The philosopher Gilles Deleuze wrote famously about “the desiring machine”—a way of highlighting the feedback loop between commodities or “products”, advertising, depression, government, and a hundred other dynamics of the abjection industry. In Deleuze’s articulation desire itself becomes reality—hence social production determines that all living beings, even their organs, become machines.
Another way to think of this is that we are no longer beings who wish to acquire things—we are merely acquisition devices.

Borrowing from Antonin Artaud, Deleuze argues that under the tryannay of desire we actually beocme bodies without organs—in effect our very tissue is subsumed by desire.

Now cultural problems associated with disability are familiar enough: activists in dis-communities can recite the catalogue: “nothing about us without us” we say; “defend disability life’ we say; inclusion and community living are a must; we have a host of desires connected to affiliation. They are right.

But Deleuze is right: capitalism enforces illness to maintain its reality. And dis-activists must “out” this at every turn.

And so what do we say about affiliation? Do I merely wish acceptance? A key to the Mens room? “Look! There’s a blind man with a key to the Mens room! Let’s do a Super Bowl ad!”

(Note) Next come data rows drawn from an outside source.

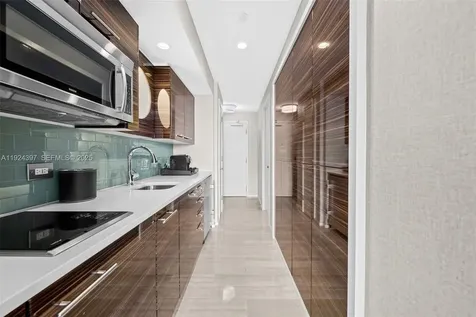 551 N Fort Lauderdale Beach Boulevard Fort Lauderdale FL 33304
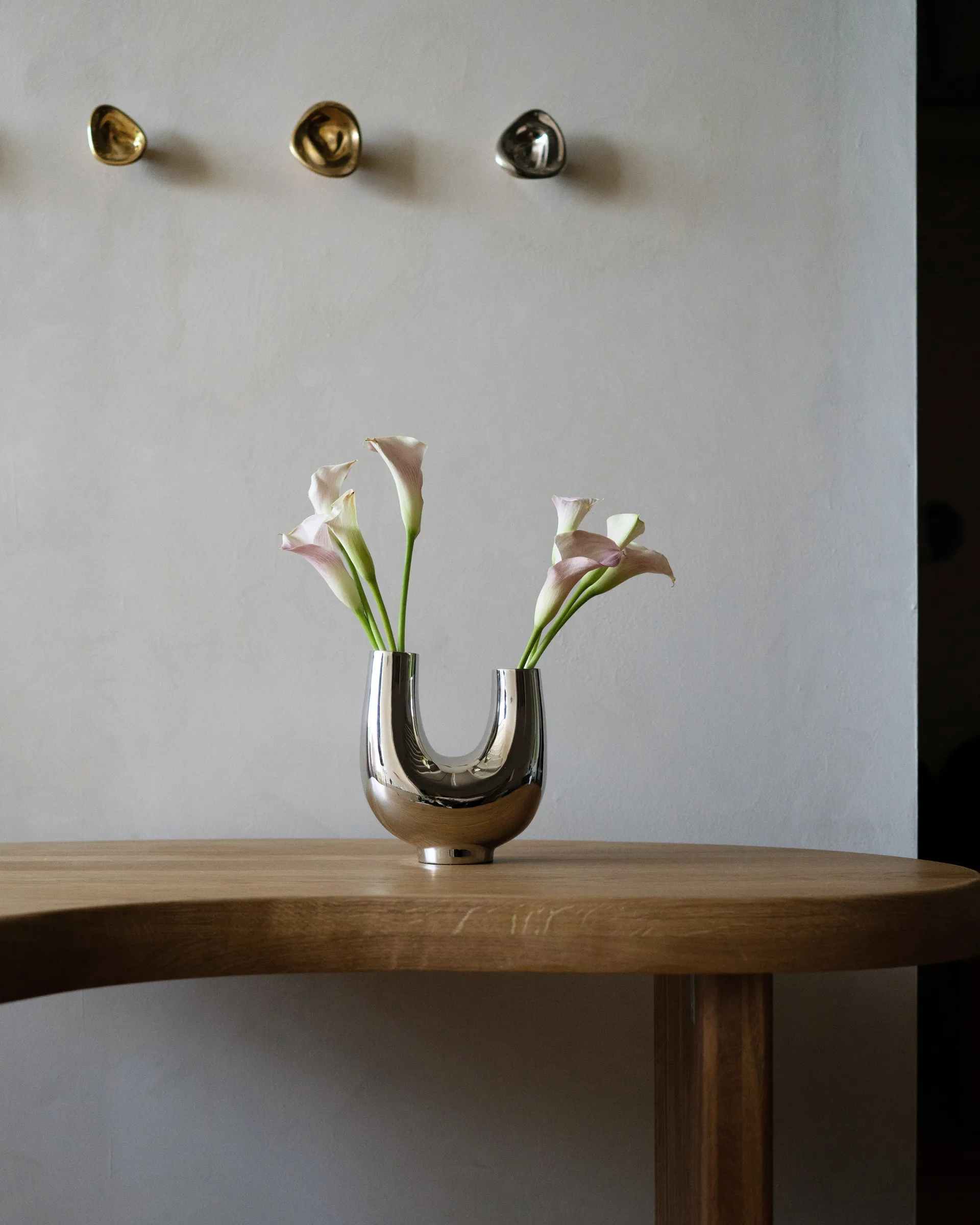 Kazumi vase, Nickel Hein Studio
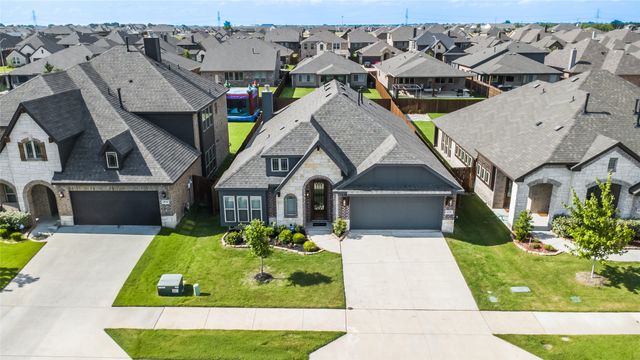 4520 Mill Falls Drive, Fort Worth, TX 76036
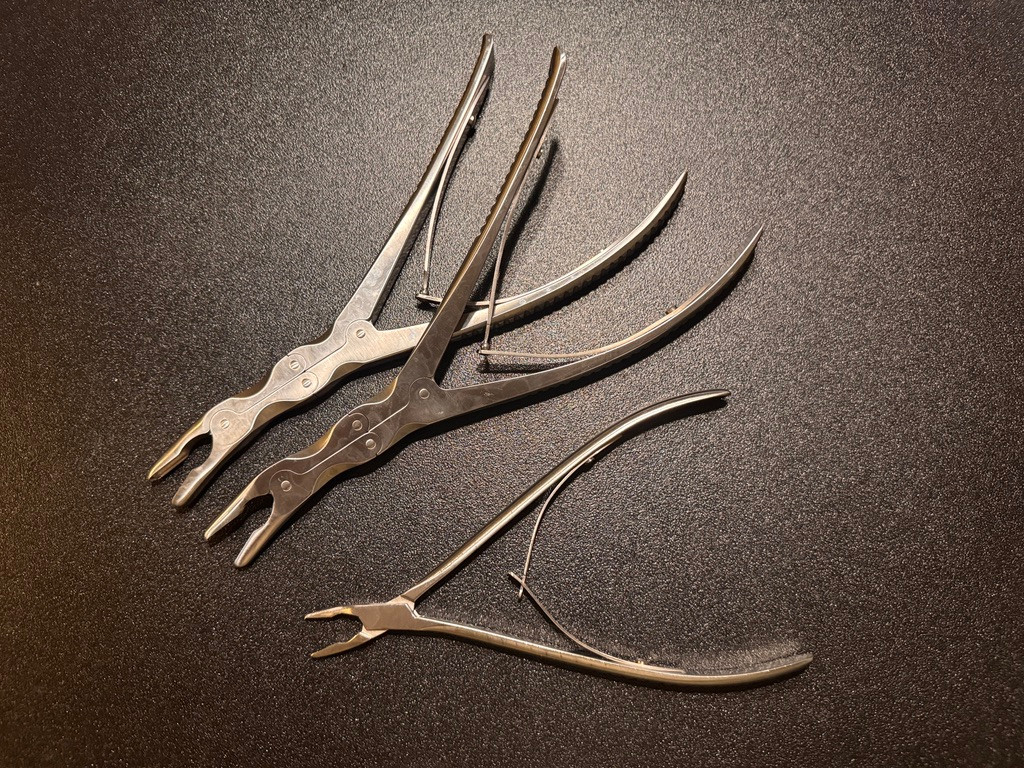 Leksell rongeur photo of Aesculap MD378SP Large Laminectomy and Spinal Instrument Set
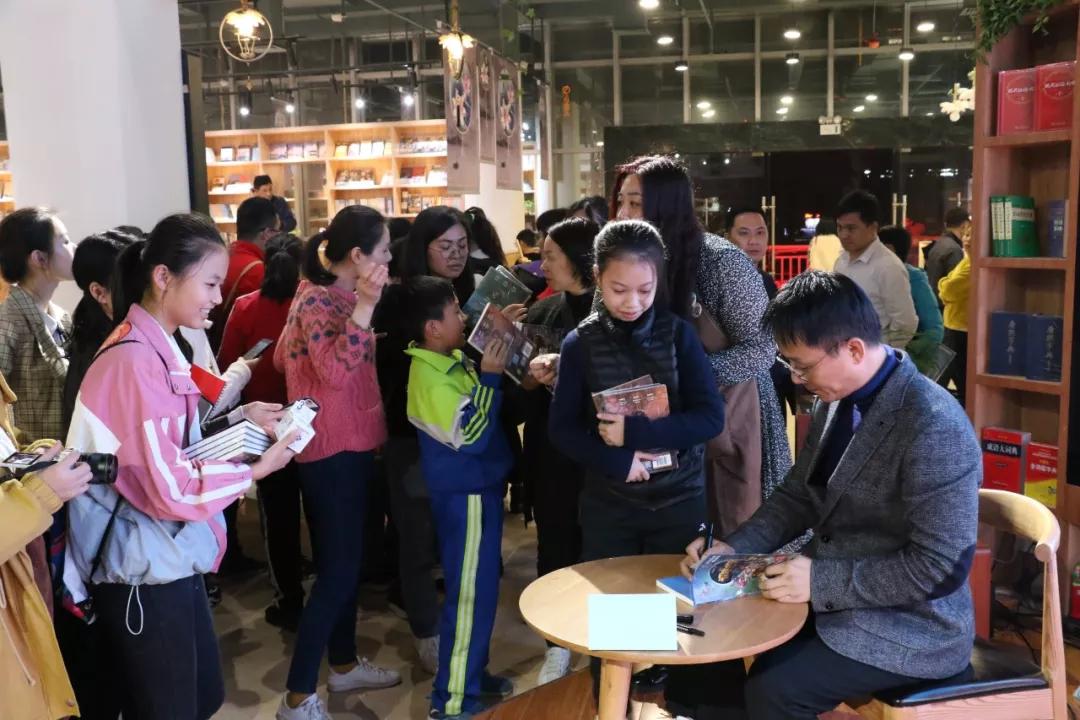 盲拧技艺之巅，视觉之外的比拼挑战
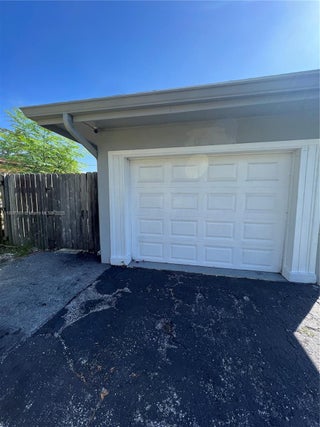 Photo of Listing #A11807369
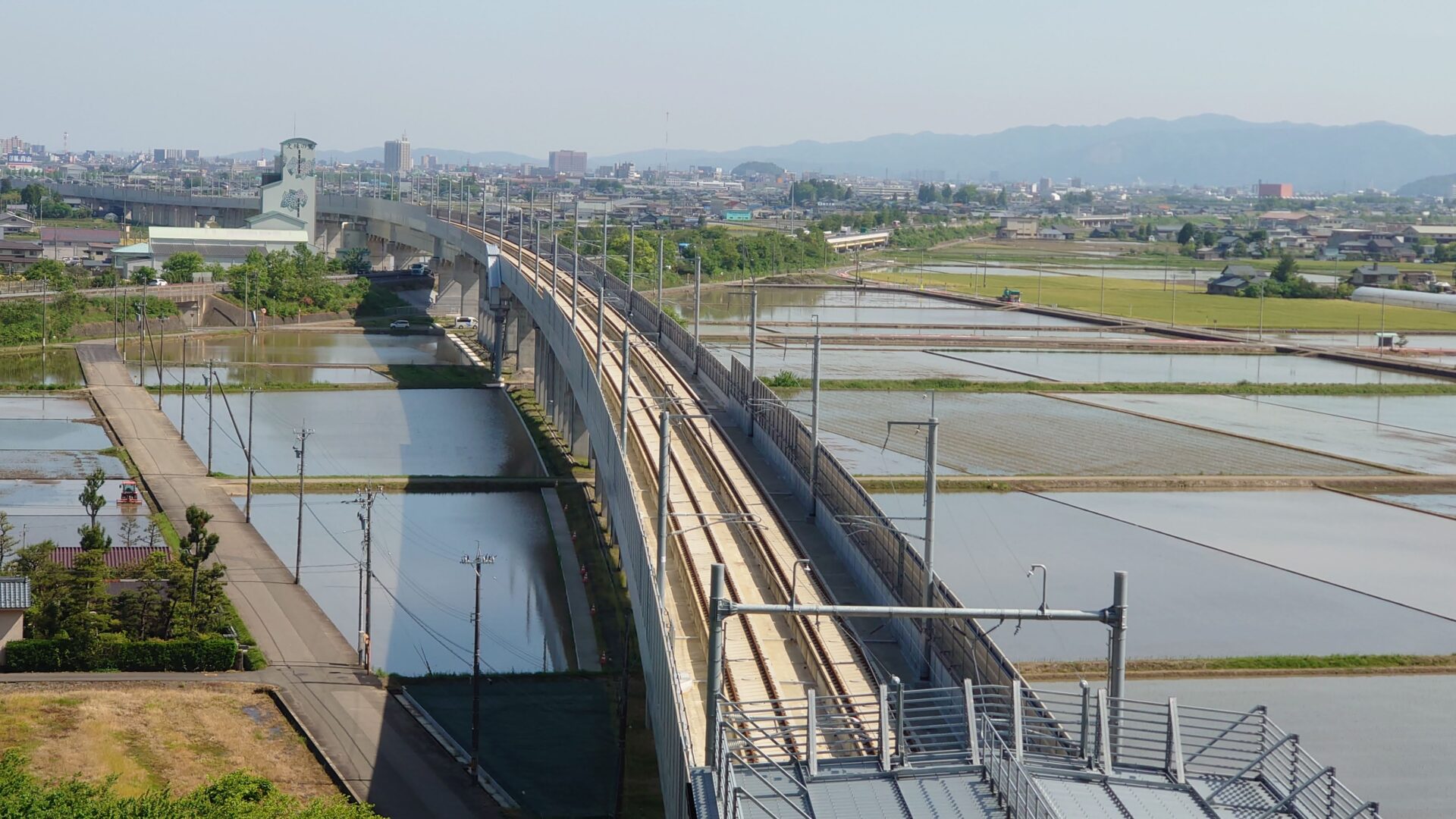 福井県の北陸新幹線ビュースポット（撮影地）「第2福井トンネル 北口」北側方面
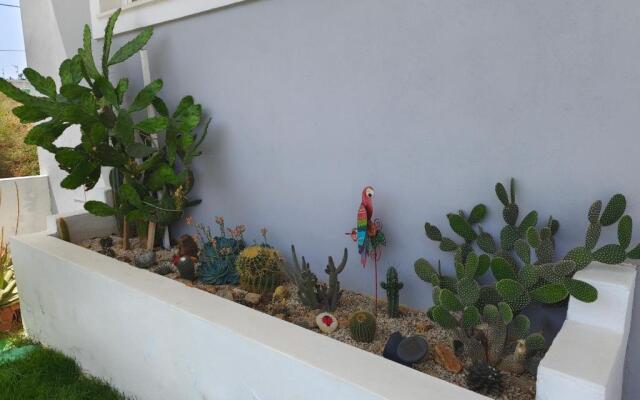 Maria's modern studio 5min from beach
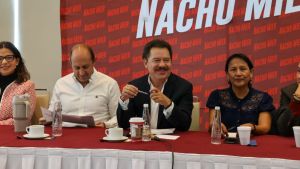 Irresponsable, resolución de SCJN que reduce derechos laborales de la GN: Nacho Mier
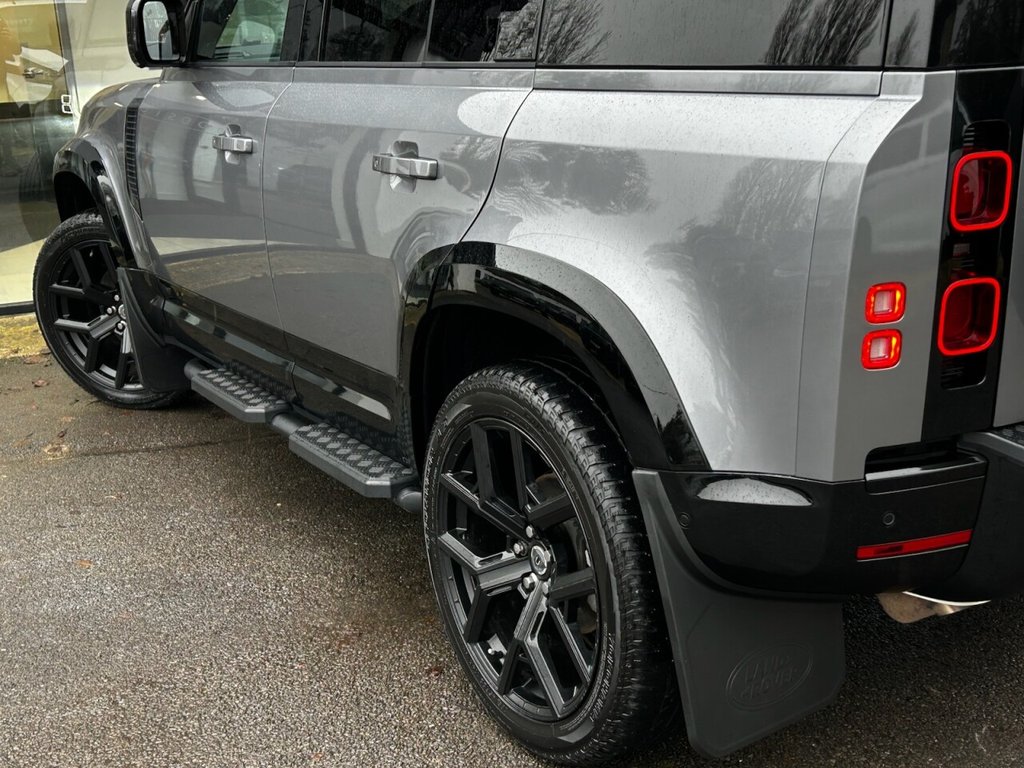 Used Land Rover Defender 2023 for sale - 77188548: Photo 12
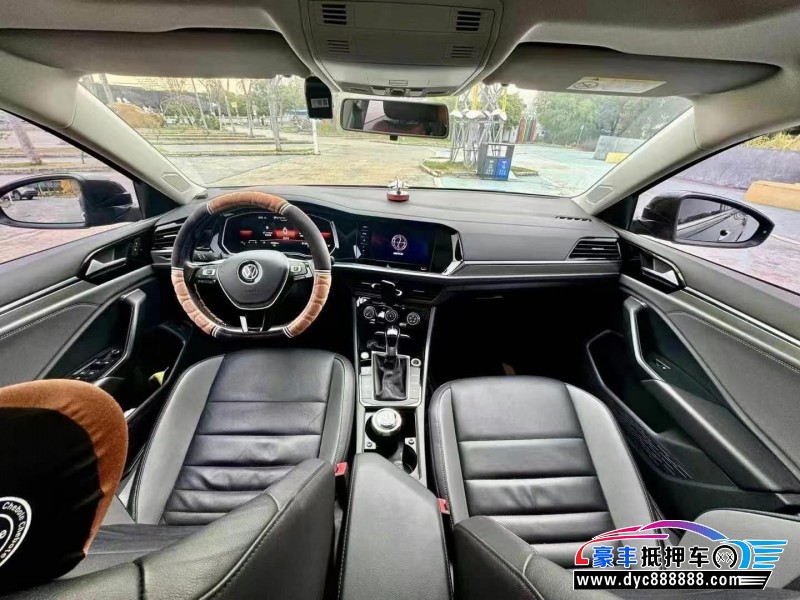 21年大众速腾轿车抵押车出售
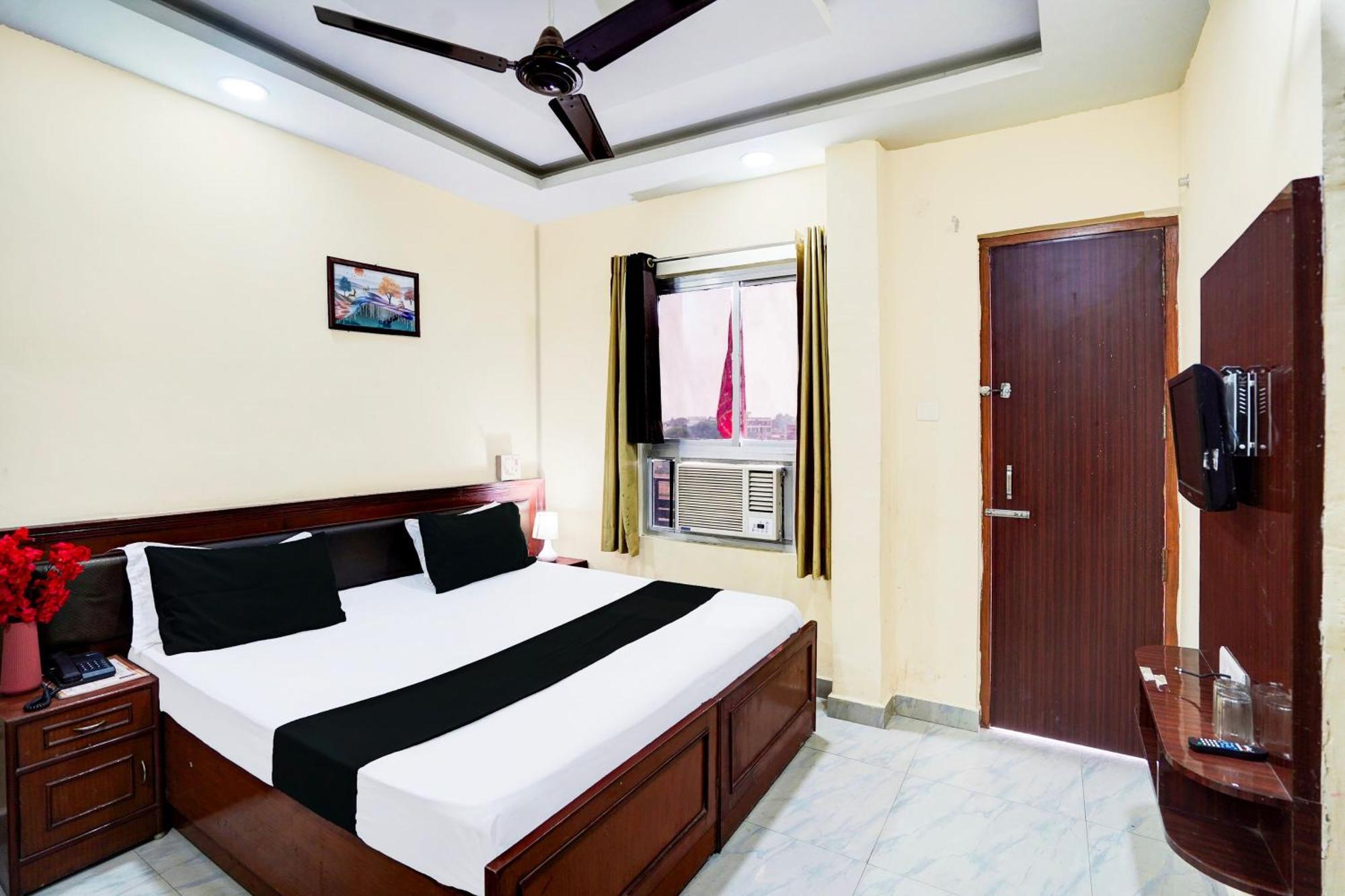 Hotel O Nova Resorts & Luxury Farm Raebareli Exterior photo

BTW: Super Bowl ads are “low drivel” and if one loves them, one also loves power. Which is of course to love abjection. Loving abjection means you likely are addicted to inspiration porn. People really do fight for their servitude. (Spinoza)

I do not wish to be docile within my disability. Craving the Mens room. 

What I fear is disability inclusion mis-understood, lived as a singular goal, becoming its own engine of repression—a machine of acquisition, fueled by its repressed, neurotic blood.  

I fear the desire of repression. Not the disability itself.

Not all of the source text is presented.